WHAT YOU HAVE TO DO:
What is needed is an exact reproduction of the lines from the one that contains "Дамски пуловер Style" through the end of the data, both included and nothing else, with pictures omitted.

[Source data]
++++++++++

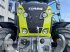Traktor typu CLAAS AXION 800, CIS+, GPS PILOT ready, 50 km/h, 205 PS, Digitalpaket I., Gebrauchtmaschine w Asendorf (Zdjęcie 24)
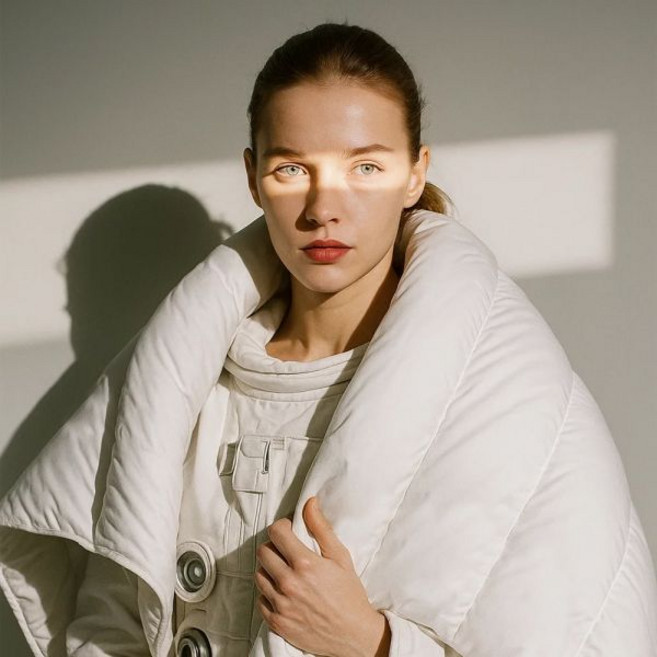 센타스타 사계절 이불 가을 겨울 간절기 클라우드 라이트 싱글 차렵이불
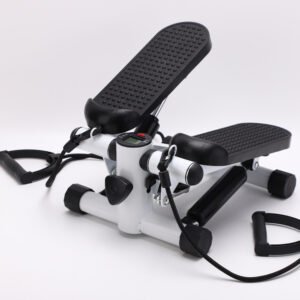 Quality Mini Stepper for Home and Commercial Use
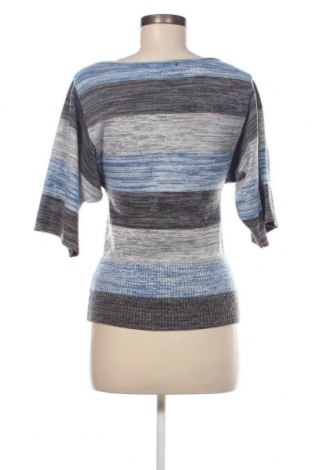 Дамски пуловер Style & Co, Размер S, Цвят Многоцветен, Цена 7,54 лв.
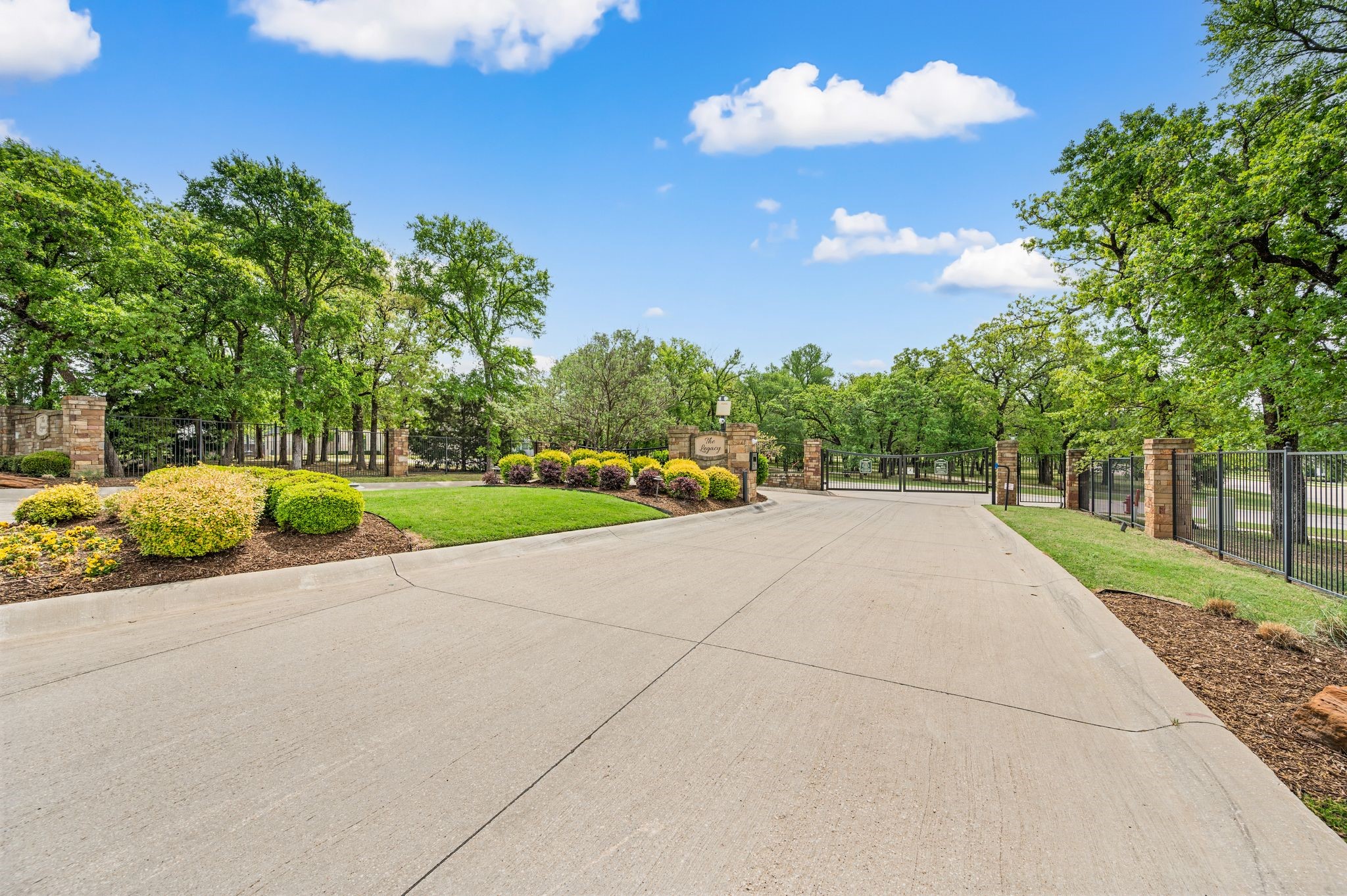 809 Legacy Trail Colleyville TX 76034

++++++++++

TASK OUTPUT:
 Дамски пуловер Style & Co, Размер S, Цвят Многоцветен, Цена 7,54 лв.
 809 Legacy Trail Colleyville TX 76034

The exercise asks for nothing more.